2. Die Beschwerde wird zurückgewiesen.
Begründung
Der Beschwerdeführer ist am 23. Juni 1999 in das Bundesgebiet eingereist und hat am 24. Juni 1999 einen Asylantrag gestellt. Dieser Antrag wurde mit Bescheid des Bundesasylamtes vom 20. September 1999 als unbegründet abgewiesen; gemäß § 8 AsylG wurde ausgesprochen, dass die Zurückweisung, Zurückschiebung oder Abschiebung des Beschwerdeführers nach Sierra Leone zulässig sei. Dagegen hat der Beschwerdeführer Berufung erhoben. Mit der mit dem Antrag auf Wiedereinsetzung gegen die Versäumung der Beschwerdefrist eingebrachten Beschwerde wird der diese Berufung gemäß §§ 7, 8 AsylG abweisende Bescheid der belangten Behörde vom 3. Februar 2000, welcher zu Handen des vom Beschwerdeführer namhaft gemachten Zustellbevollmächtigten Dr. D. am 7. Februar 2000 zugestellt worden sei, bekämpft.

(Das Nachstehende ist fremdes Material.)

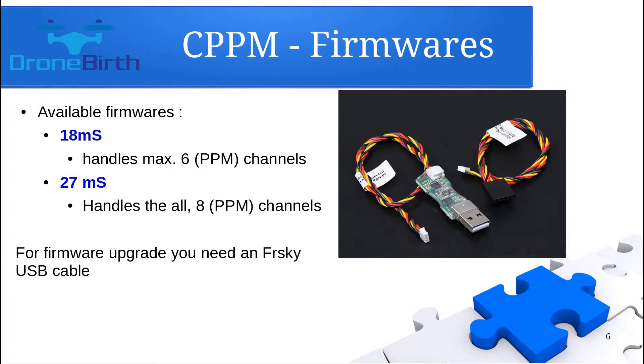One important thing to highlight: there are two official firmware versions available for this receiver — the 18 millisecond and the 27 millisecond version. Most probably your receiver is delivered with the 18 millisecond firmware, which can basically handle six PPM channels, so don't use more channels in that case.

Den Wiedereinsetzungsantrag begründete der Beschwerdeführer im Wesentlichen wie folgt:
Er habe am 21. Oktober 1999 dem Dr. D. Zustellungsvollmacht erteilt und dies der Behörde mit dem Ersuchen mitgeteilt, die an ihn gerichteten Schriftstücke zu Handen Dris. D. zuzustellen. Die Zustellvollmacht habe er Dr. D. deshalb erteilt, weil dieser ihm im Oktober 1999 eine vorübergehende Wohnmöglichkeit in Wien, W-Gasse, zur Verfügung gestellt habe. Bereits nach kurzer Zeit, nämlich im Jänner 2000, habe er aus dieser Wohnung ausziehen müssen und er sei nach Wien, R-Gasse, übersiedelt. Am 19. Jänner 2000 habe er sich an dieser Adresse polizeilich gemeldet. Am 20. Jänner 2000 habe er diese Adressänderung dem Unterstützungskomitee "Asyl in Not" bekannt gegeben, welches die geänderte Adresse am selben Tag dem Bundesasylamt Traiskirchen bekannt gegeben habe. Auf Grund dieser Umstände sei für ihn klar gewesen, dass der Berufungsbescheid des unabhängigen Bundesasylsenates direkt an ihn zugestellt werde bzw. dass er oder "Asyl in Not", welche Organisation auch die Berufung für ihn verfasst habe, zumindest rechtzeitig vom Berufungsbescheid Kenntnis erlangen werde. Dr. D., der es offenbar irrtümlich unterlassen habe, die Behörde von der Beendigung der Zustellungsvollmacht infolge des Auszuges des Antragstellers aus der W-Gasse zu verständigen, habe den angefochtenen Bescheid nicht an diesen weitergeleitet. Erst anlässlich der Entziehung seiner Lagerkarte durch das Bundesasylamt Traiskirchen am 27. März 2000 habe er durch sofortige Nachfrage bei "Asyl in Not" erfahren, dass der Bescheid der belangten Behörde vom 3. Februar 2000 zu Handen Dris. D. zugestellt worden sei. Er sei somit durch ein unvorhergesehenes oder unabwendbares Ereignis ohne sein Verschulden an der fristgerechten Erhebung der Beschwerde gehindert gewesen. Die Tatsache, "dass das Ende des Zustellungsvollmachtsverhältnisses nicht bekannt gegeben wurde", sei auch auf Seiten des Dr. D. auf einen minderen Grad des Versehens zurückzuführen.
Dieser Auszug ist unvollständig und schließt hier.